Meyer setzt die Finnen unter Druck
Meyer hatte klargemacht, dass er kein Interesse an einer Werft ohne Aufträge habe – und Helsinki damit unter Druck gesetzt, die Möglichkeiten staatlicher Beihilfen für den TUI-Auftrag auszureizen.
Beihilfen in Form von öffentlichen Bürgschaften und Kredithilfen sind allgemein üblich und ein Grund dafür, dass die europäische Werftindustrie auf dem Kreuzfahrtsektor einigermaßen mit der asiatischen Konkurrenz mithalten kann. Selbst die ansonsten in vielen Fällen subventionskritische EU erlaubt bei Kreuzfahrtschiffen staatliche Hilfen in Höhe von bis zu 80 Prozent des Kaufpreises.
Bei dem bisherigen Eigentümer der Werft in Turku, der südkoreanischen STX-Gruppe, hatten die Finnen aber Bedenken, Beihilfen zuzusagen. Sie befürchteten offenbar, die Muttergesellschaft könne die Werft in Konkurs gehen lassen, bevor die Schiffe fertiggestellt wären. Denn das hätte die Rückzahlung von Krediten gefährdet. Und TUI wollte auf dieser unsicheren Basis auch keinen Auftrag erteilen. Dieses Problem scheint nun mit dem Verkauf an Meyer als Mehrheitseigentümer und den finnischen Staat gelöst zu sein.
Der Deal hat in Finnland erstaunlich wenig Kritik ausgelöst. Weder stört man sich an der Miteigentümerschaft des Staates, die ihn nun über das Arbeitsplatzargument erpressbar machen könnte, noch an den indirekten Subventionen über Finanzierungshilfen.

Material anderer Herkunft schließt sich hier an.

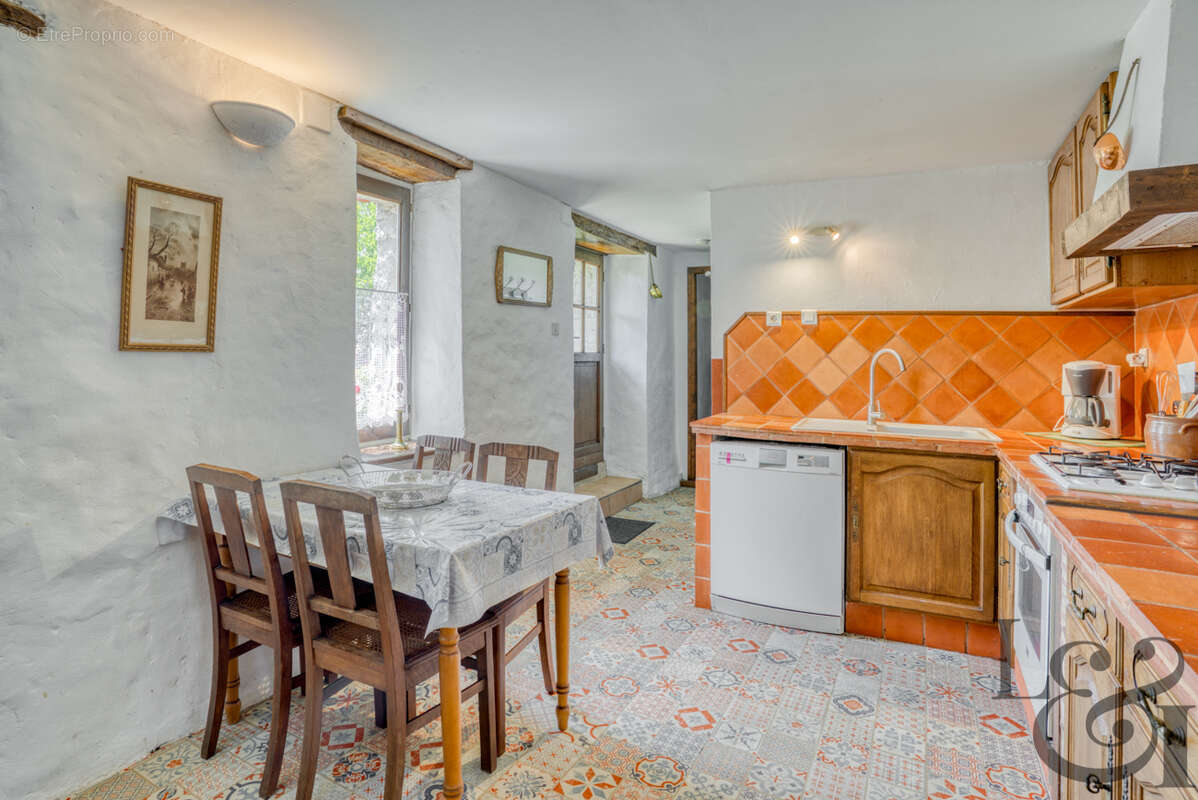 Ensemble immobilier en pierre avec piscine - photo 8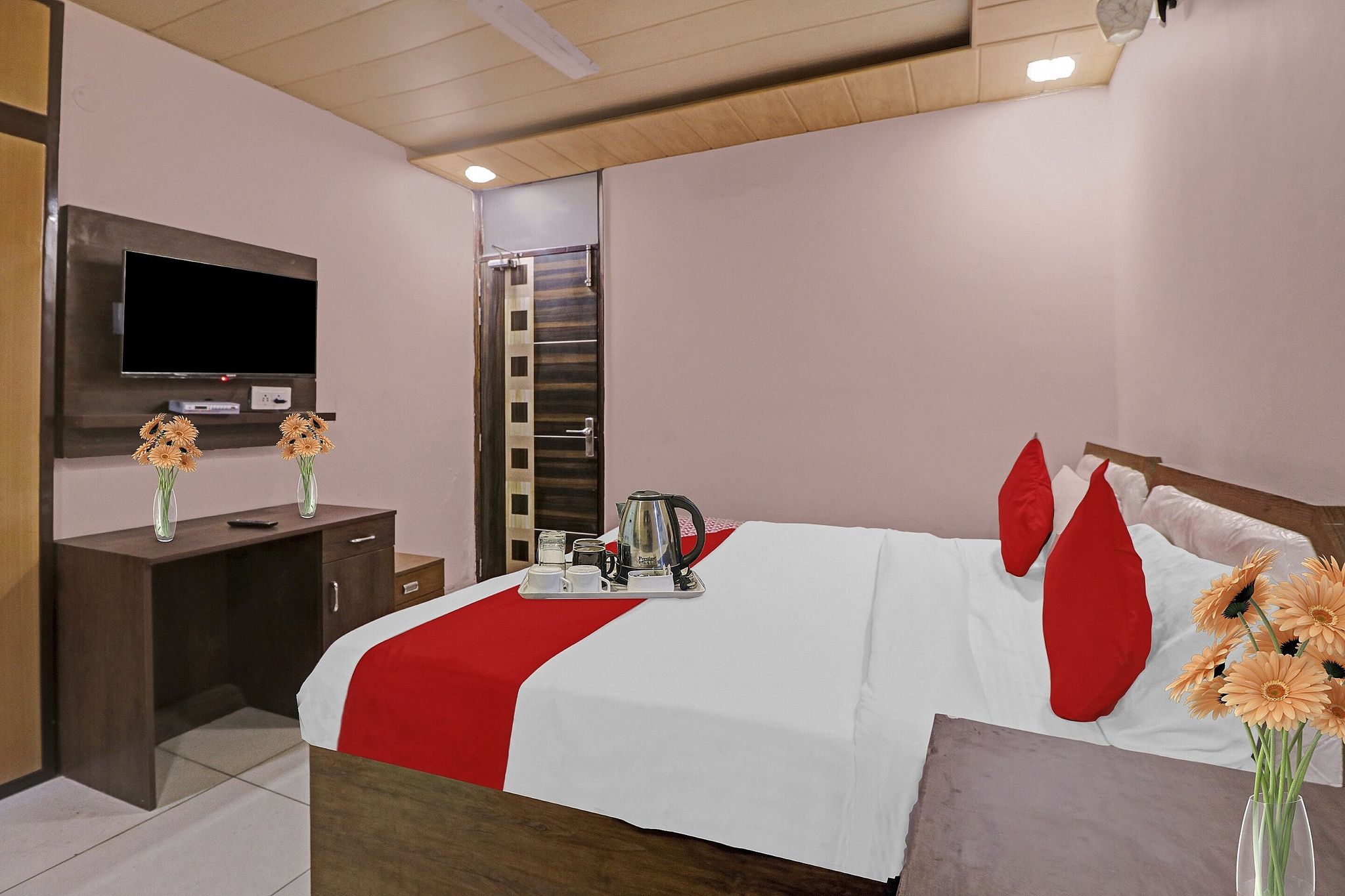 OYO 90274 Hotel Knight Inn Classic 8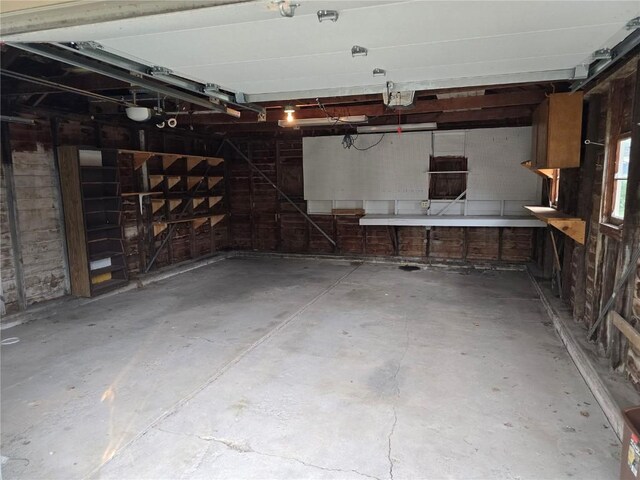 708 E 4th St, Vinton, IA 52349 - view of garage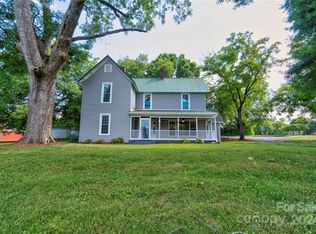 824 E Stagecoach Trl, Lawndale, NC 28090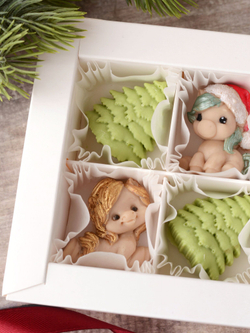 Набор из шоколада "Новогодний" с лошадками #4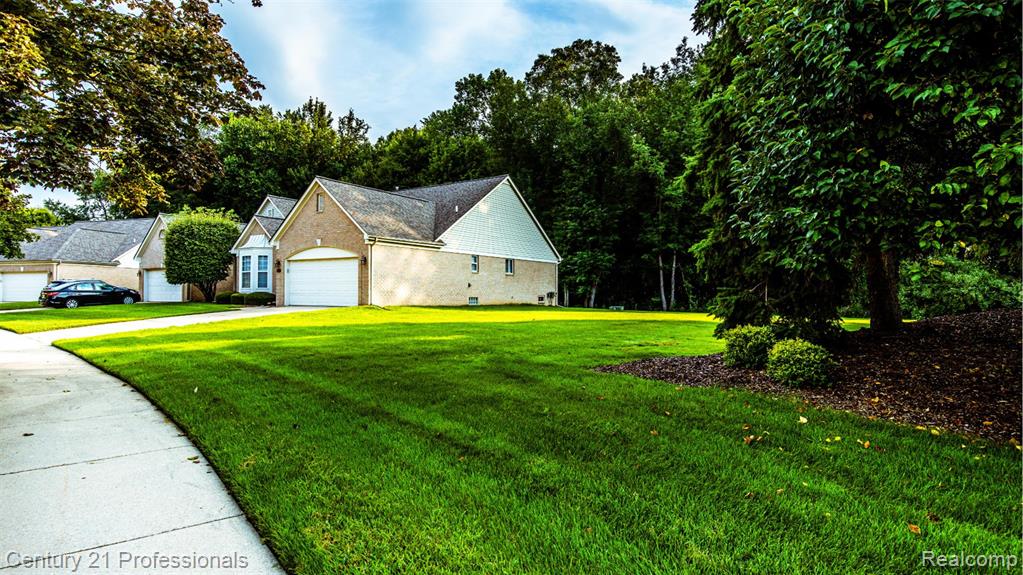 4193 Shorebrook Drive, #68, Sterling Heights, MI 48314 — Photo 5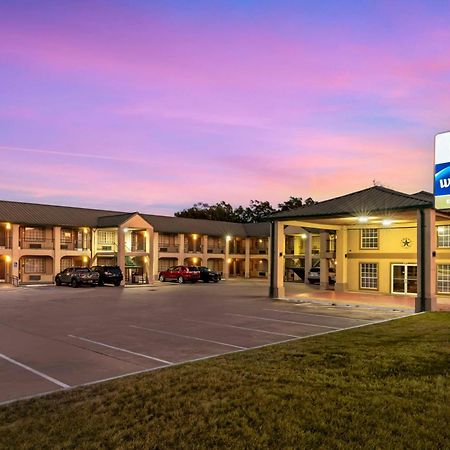 ベストウェスタン エグゼクティブ イン Hallettsville エクステリア 写真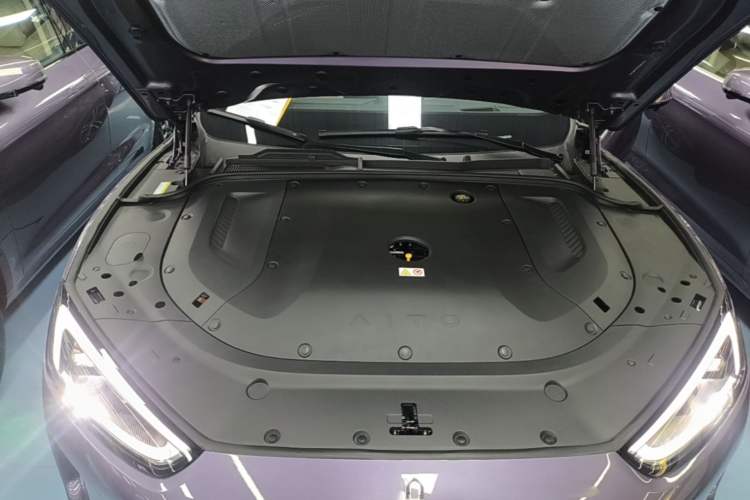 Used Hima AITO M5 2024 Extended-Range Max RS Four-Wheel Drive Advanced Intelligent Driving Version Engine Bay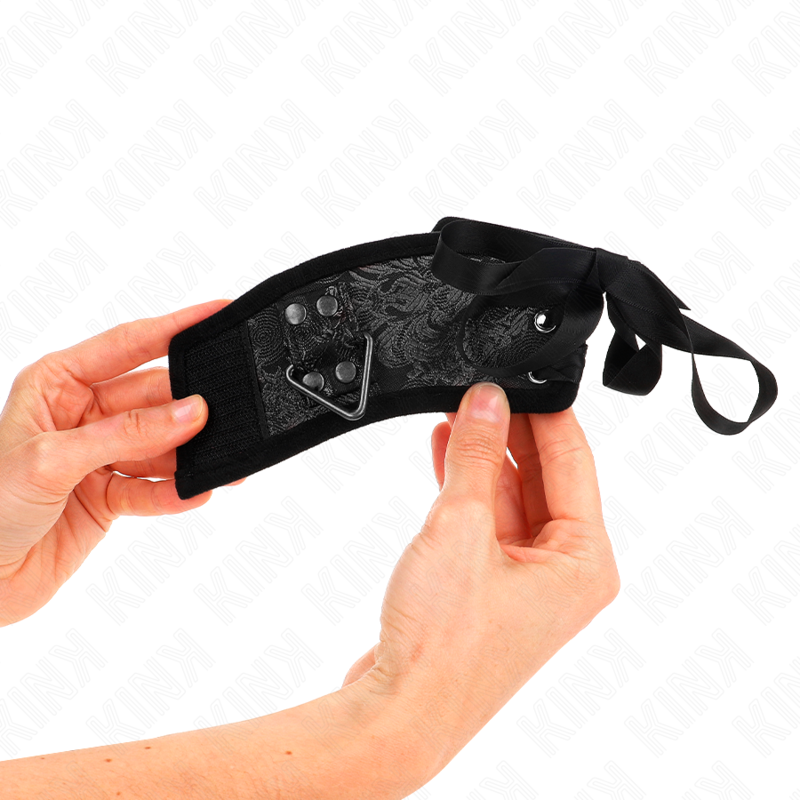 Kink - Resistenza Da Polso Scandalo Dettagli In Pizzo Nero 245 Cm X 65 Cm - KINK WRIST RESTRAINT - Manette e Polsini | erosidea.com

Dabei ist der durch immer billigere Angebote getriebene Boom der europäischen Kreuzfahrtbranche ökologisch zumindest strittig. Die Schiffe tragen wegen der Verbrennung von Schweröl und unzureichender Abgasreinigung massiv zur Luftverschmutzung in den Hafenstädten bei und verursachen erhebliche CO2-Emissionen.